Literary notes about REST (AI summary)
The term “rest” appears with diverse meanings throughout literary works, functioning both as a marker for what remains and as a signal for pause, respite, or even finality. In some writings it quantifies the remaining items or persons—indicating, for instance, those left after accounting for a specified number ([1], [2], [3])—while in others it conveys the cessation of activity or life, as when characters find peace or surrender to sleep ([4], [5], [6]). At times “rest” is used to structure narrative transitions, underscoring the balance between the prominent and the peripheral ([7], [8], [9]), and in epic or historical texts it often hints at destiny or the inevitable cycle of endurance and decline ([10], [11]). This multiplicity of senses enriches the text, offering layers of meaning where “rest” seamlessly bridges the literary depiction of the remaining parts and the serene moments of pause.
- In the hive there is one married bee, called the queen; she has fifty thousand children; of these, about one hundred are sons; the rest are daughters.
— from What Is Man? and Other Essays by Mark Twain - Some of it is thrown on the fire in the name of the village gods and deceased ancestors; the rest is eaten by the family.
— from The Golden Bough: A Study of Magic and Religion by James George Frazer - She was ashamed, and she would have been yet more ashamed of her father than of all the rest.
— from Mansfield Park by Jane Austen - Ah, it's an ill conscience that's such an enemy to rest!
— from The Strange Case of Dr.
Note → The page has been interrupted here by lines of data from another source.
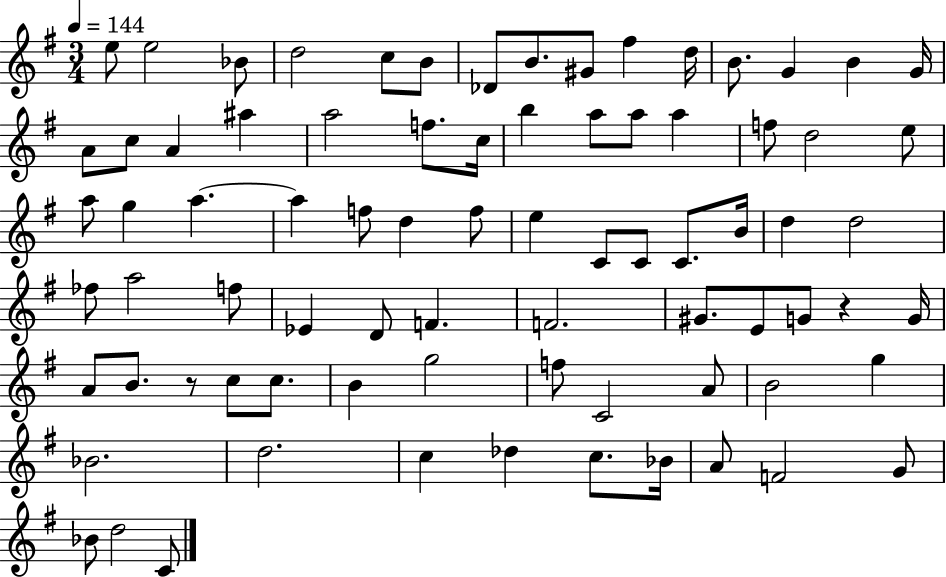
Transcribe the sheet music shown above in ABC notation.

X:1
T:Untitled
M:3/4
L:1/4
K:G
e/2 e2 _B/2 d2 c/2 B/2 _D/2 B/2 ^G/2 ^f d/4 B/2 G B G/4 A/2 c/2 A ^a a2 f/2 c/4 b a/2 a/2 a f/2 d2 e/2 a/2 g a a f/2 d f/2 e C/2 C/2 C/2 B/4 d d2 _f/2 a2 f/2 _E D/2 F F2 ^G/2 E/2 G/2 z G/4 A/2 B/2 z/2 c/2 c/2 B g2 f/2 C2 A/2 B2 g _B2 d2 c _d c/2 _B/4 A/2 F2 G/2 _B/2 d2 C/2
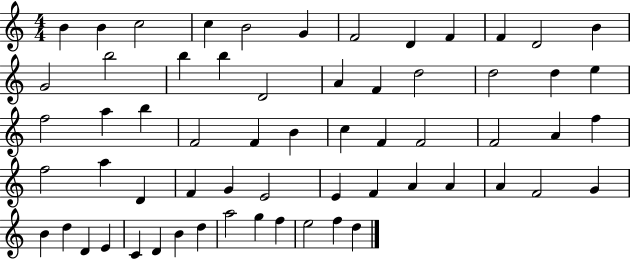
{
  \clef treble
  \numericTimeSignature
  \time 4/4
  \key c \major
  b'4 b'4 c''2 | c''4 b'2 g'4 | f'2 d'4 f'4 | f'4 d'2 b'4 | \break g'2 b''2 | b''4 b''4 d'2 | a'4 f'4 d''2 | d''2 d''4 e''4 | \break f''2 a''4 b''4 | f'2 f'4 b'4 | c''4 f'4 f'2 | f'2 a'4 f''4 | \break f''2 a''4 d'4 | f'4 g'4 e'2 | e'4 f'4 a'4 a'4 | a'4 f'2 g'4 | \break b'4 d''4 d'4 e'4 | c'4 d'4 b'4 d''4 | a''2 g''4 f''4 | e''2 f''4 d''4 | \break \bar "|."
}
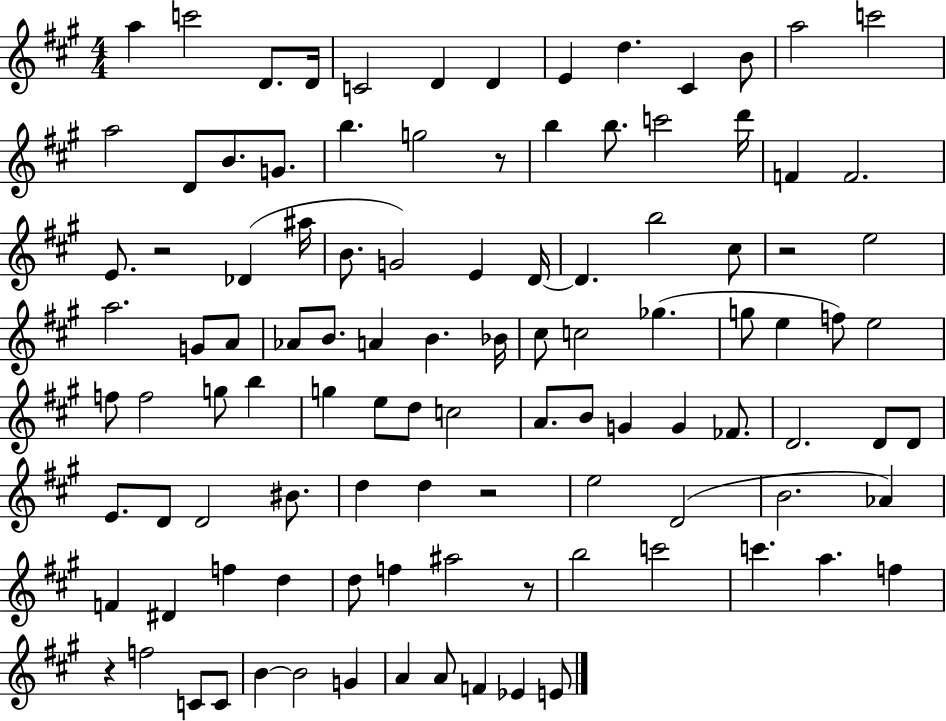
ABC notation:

X:1
T:Untitled
M:4/4
L:1/4
K:A
a c'2 D/2 D/4 C2 D D E d ^C B/2 a2 c'2 a2 D/2 B/2 G/2 b g2 z/2 b b/2 c'2 d'/4 F F2 E/2 z2 _D ^a/4 B/2 G2 E D/4 D b2 ^c/2 z2 e2 a2 G/2 A/2 _A/2 B/2 A B _B/4 ^c/2 c2 _g g/2 e f/2 e2 f/2 f2 g/2 b g e/2 d/2 c2 A/2 B/2 G G _F/2 D2 D/2 D/2 E/2 D/2 D2 ^B/2 d d z2 e2 D2 B2 _A F ^D f d d/2 f ^a2 z/2 b2 c'2 c' a f z f2 C/2 C/2 B B2 G A A/2 F _E E/2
Jekyll and Mr. Hyde by Robert Louis Stevenson - His friends mourn and weep, but he is at rest: he does not now feel the murderer’s grasp; a sod covers his gentle form, and he knows no pain.
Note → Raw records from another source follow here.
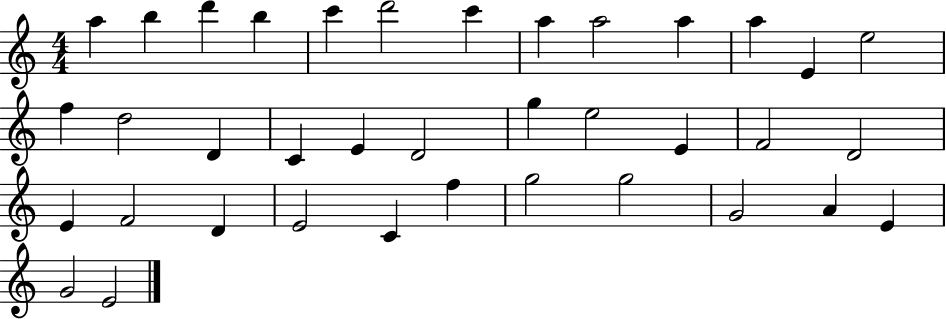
A5/q B5/q D6/q B5/q C6/q D6/h C6/q A5/q A5/h A5/q A5/q E4/q E5/h F5/q D5/h D4/q C4/q E4/q D4/h G5/q E5/h E4/q F4/h D4/h E4/q F4/h D4/q E4/h C4/q F5/q G5/h G5/h G4/h A4/q E4/q G4/h E4/h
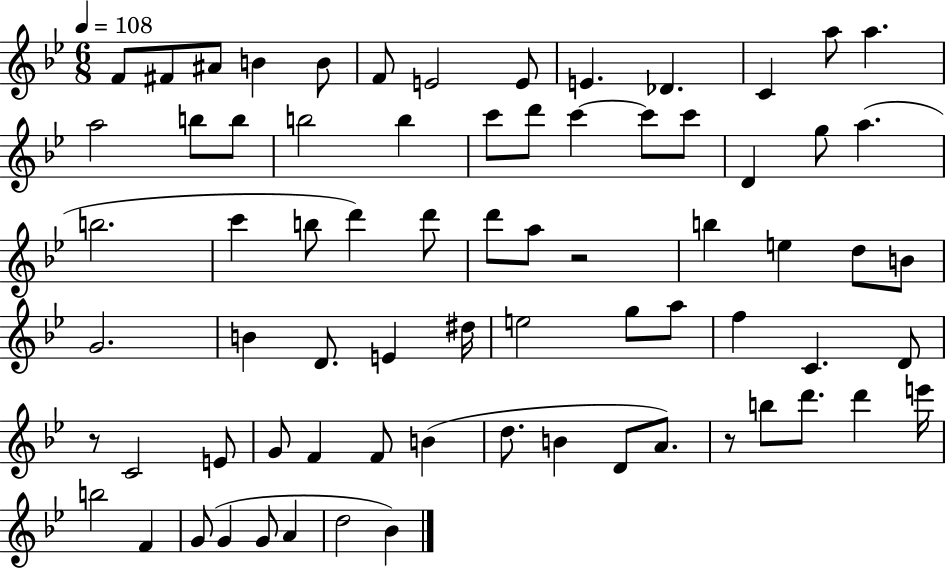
{
  \clef treble
  \numericTimeSignature
  \time 6/8
  \key bes \major
  \tempo 4 = 108
  \repeat volta 2 { f'8 fis'8 ais'8 b'4 b'8 | f'8 e'2 e'8 | e'4. des'4. | c'4 a''8 a''4. | \break a''2 b''8 b''8 | b''2 b''4 | c'''8 d'''8 c'''4~~ c'''8 c'''8 | d'4 g''8 a''4.( | \break b''2. | c'''4 b''8 d'''4) d'''8 | d'''8 a''8 r2 | b''4 e''4 d''8 b'8 | \break g'2. | b'4 d'8. e'4 dis''16 | e''2 g''8 a''8 | f''4 c'4. d'8 | \break r8 c'2 e'8 | g'8 f'4 f'8 b'4( | d''8. b'4 d'8 a'8.) | r8 b''8 d'''8. d'''4 e'''16 | \break b''2 f'4 | g'8( g'4 g'8 a'4 | d''2 bes'4) | } \bar "|."
}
— from Frankenstein; Or, The Modern Prometheus by Mary Wollstonecraft Shelley - I sat down to rest myself, and began to look around.
— from Dracula's Guest by Bram Stoker - What is characteristic in the word we is the opposition of a larger or smaller group of which the I is a member, to the rest of the universe.
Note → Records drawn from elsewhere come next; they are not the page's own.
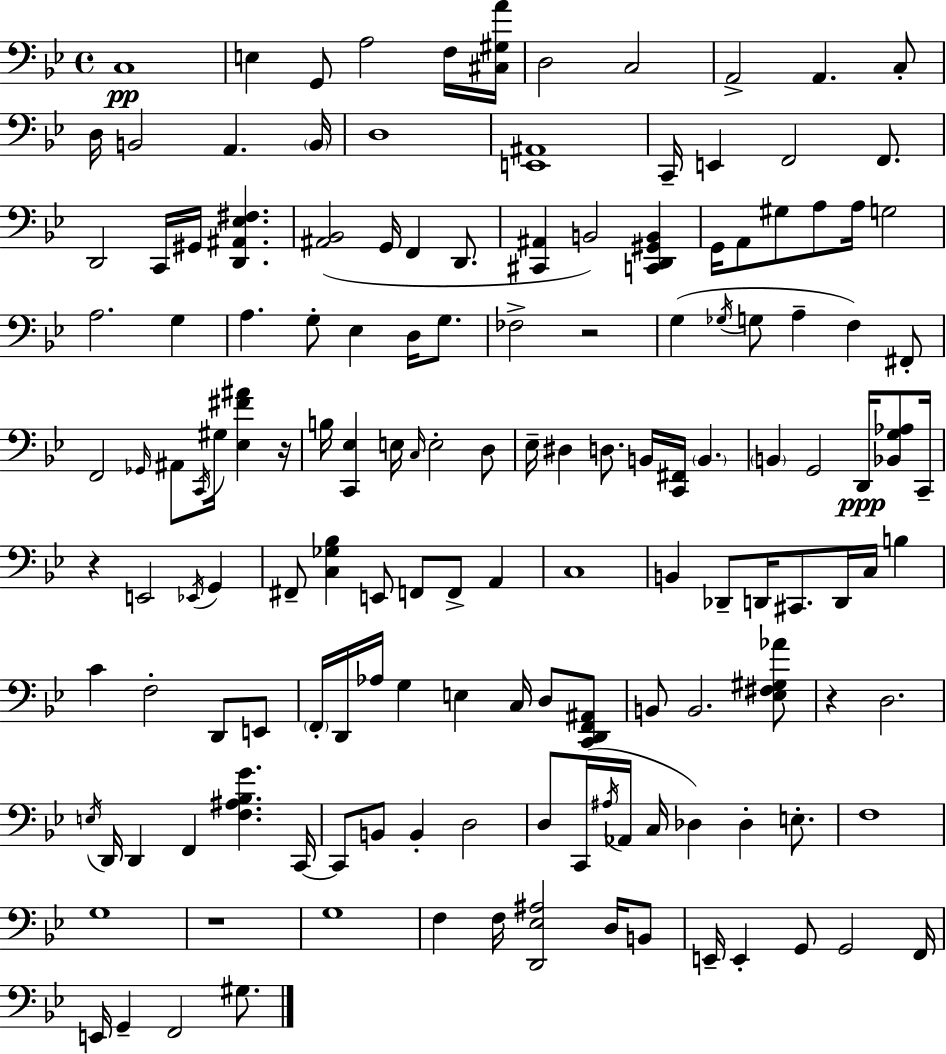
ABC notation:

X:1
T:Untitled
M:4/4
L:1/4
K:Gm
C,4 E, G,,/2 A,2 F,/4 [^C,^G,A]/4 D,2 C,2 A,,2 A,, C,/2 D,/4 B,,2 A,, B,,/4 D,4 [E,,^A,,]4 C,,/4 E,, F,,2 F,,/2 D,,2 C,,/4 ^G,,/4 [D,,^A,,_E,^F,] [^A,,_B,,]2 G,,/4 F,, D,,/2 [^C,,^A,,] B,,2 [C,,D,,^G,,B,,] G,,/4 A,,/2 ^G,/2 A,/2 A,/4 G,2 A,2 G, A, G,/2 _E, D,/4 G,/2 _F,2 z2 G, _G,/4 G,/2 A, F, ^F,,/2 F,,2 _G,,/4 ^A,,/2 C,,/4 ^G,/4 [_E,^F^A] z/4 B,/4 [C,,_E,] E,/4 C,/4 E,2 D,/2 _E,/4 ^D, D,/2 B,,/4 [C,,^F,,]/4 B,, B,, G,,2 D,,/4 [_B,,G,_A,]/2 C,,/4 z E,,2 _E,,/4 G,, ^F,,/2 [C,_G,_B,] E,,/2 F,,/2 F,,/2 A,, C,4 B,, _D,,/2 D,,/4 ^C,,/2 D,,/4 C,/4 B, C F,2 D,,/2 E,,/2 F,,/4 D,,/4 _A,/4 G, E, C,/4 D,/2 [C,,D,,F,,^A,,]/2 B,,/2 B,,2 [_E,^F,^G,_A]/2 z D,2 E,/4 D,,/4 D,, F,, [F,^A,_B,G] C,,/4 C,,/2 B,,/2 B,, D,2 D,/2 C,,/4 ^A,/4 _A,,/4 C,/4 _D, _D, E,/2 F,4 G,4 z4 G,4 F, F,/4 [D,,_E,^A,]2 D,/4 B,,/2 E,,/4 E,, G,,/2 G,,2 F,,/4 E,,/4 G,, F,,2 ^G,/2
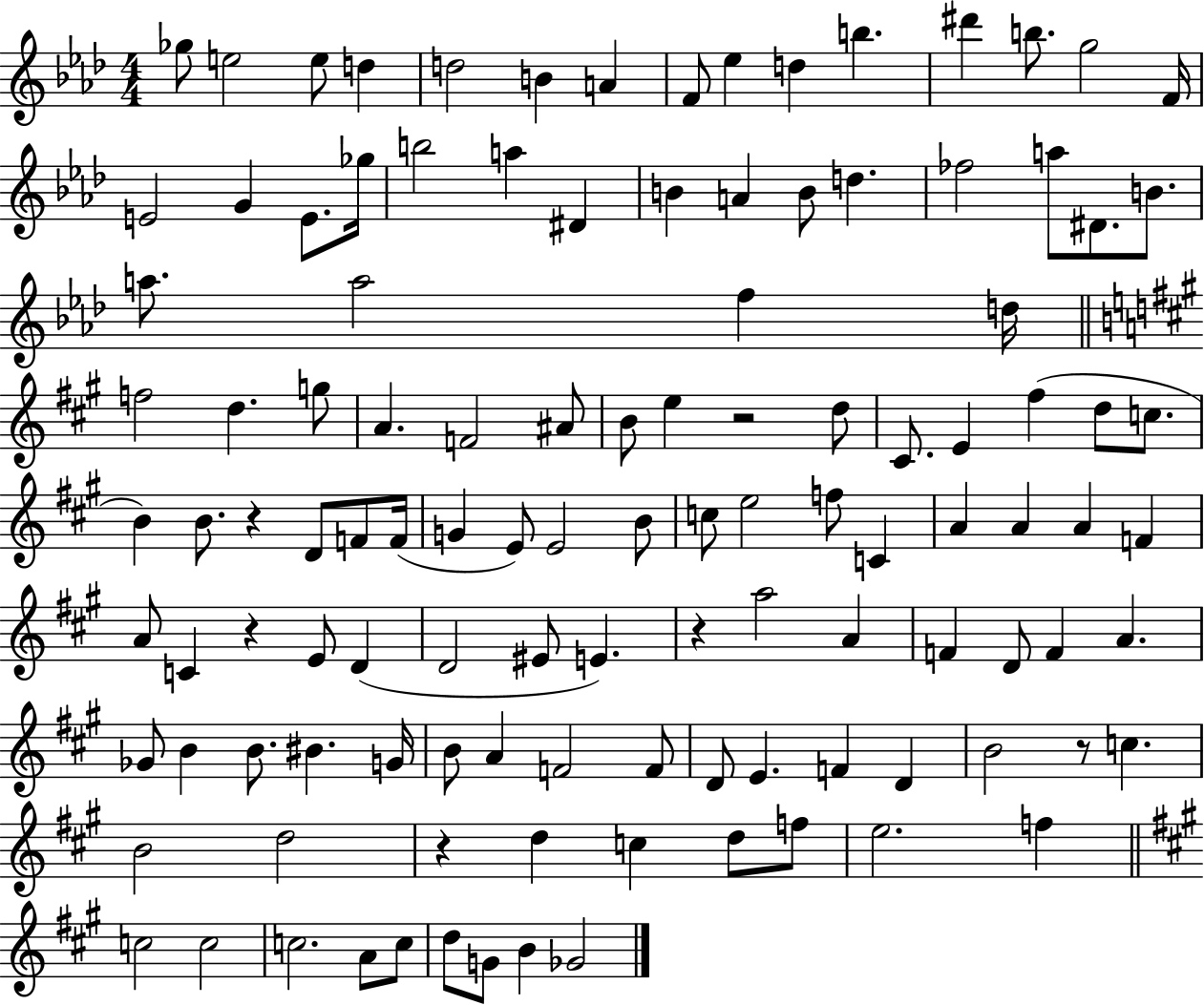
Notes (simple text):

Gb5/e E5/h E5/e D5/q D5/h B4/q A4/q F4/e Eb5/q D5/q B5/q. D#6/q B5/e. G5/h F4/s E4/h G4/q E4/e. Gb5/s B5/h A5/q D#4/q B4/q A4/q B4/e D5/q. FES5/h A5/e D#4/e. B4/e. A5/e. A5/h F5/q D5/s F5/h D5/q. G5/e A4/q. F4/h A#4/e B4/e E5/q R/h D5/e C#4/e. E4/q F#5/q D5/e C5/e. B4/q B4/e. R/q D4/e F4/e F4/s G4/q E4/e E4/h B4/e C5/e E5/h F5/e C4/q A4/q A4/q A4/q F4/q A4/e C4/q R/q E4/e D4/q D4/h EIS4/e E4/q. R/q A5/h A4/q F4/q D4/e F4/q A4/q. Gb4/e B4/q B4/e. BIS4/q. G4/s B4/e A4/q F4/h F4/e D4/e E4/q. F4/q D4/q B4/h R/e C5/q. B4/h D5/h R/q D5/q C5/q D5/e F5/e E5/h. F5/q C5/h C5/h C5/h. A4/e C5/e D5/e G4/e B4/q Gb4/h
— from Criminal Psychology: A Manual for Judges, Practitioners, and Students by Hans Gross - Lady Cressida had evidently insisted on walking home, and the rest of the church-goers had thought it their duty to accompany her.
— from The House of Mirth by Edith Wharton - In which sense there is nothing that accordeth not with the rest of Holy Scripture, or any glimpse of the fire of Purgatory.
— from Leviathan by Thomas Hobbes - Meanwhile Achilles continues the slaughter, drives the rest into Troy:
— from The Iliad by Homer - And the rest of the acts of Joas, and all that he did, are they not written in the book of the words of the days of the kings of Juda?